Soaring inflation could add to consumers' debt

17/02/2010

Inflation has soared to 3.5 per cent, well over the Bank of England's Monetary Policy Committee's (MPC) target of two percent.

This could lead to an extra tight squeeze of the cost of living as the price of household bills, everyday products and petrol are all on the rise. And this is made worse by the fact, revealed by debt solutions experts, EuroDebt, that many people have not had a pay rise for more than a year.

With the UK's employment rate at its lowest in over a decade, many people could be in need of structured debt help as it becomes increasingly difficult to balance their income with their ever-rising outgoings.
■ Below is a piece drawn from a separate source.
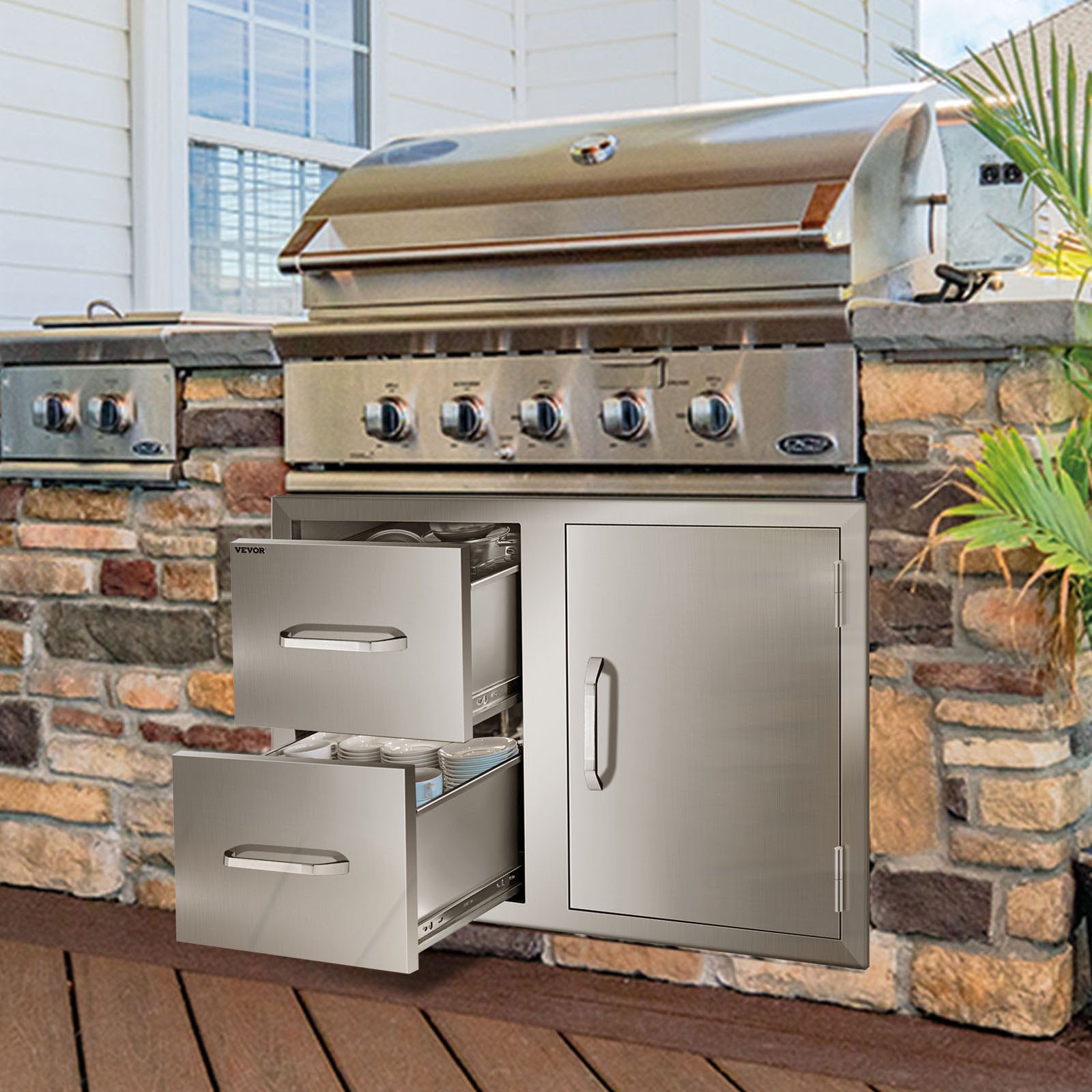 Buck Grill Outdoor Cabinets 32" Stainless Steel Access Door / Double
The rise in the Consumer Price Index (CPI) inflation is the highest in 14 months as it jumped from 1.9 per cent in November 2009 to January's 3.5 per cent.

Mervyn King, the governor of the Bank of England, is obliged to formally explain to the chancellor Alistair Darling the reasons why inflation rose by more than one per cent.

In his open letter to Mr Darling, Mr King said that three main short term factors were responsible for the increase.

These were the restoration of the standard rate of VAT to 17.5 per cent; a rise in oil prices of around 70 per cent and the sharp fall in the value of sterling currency in 2007 and 2008 which is feeding through to consumer prices.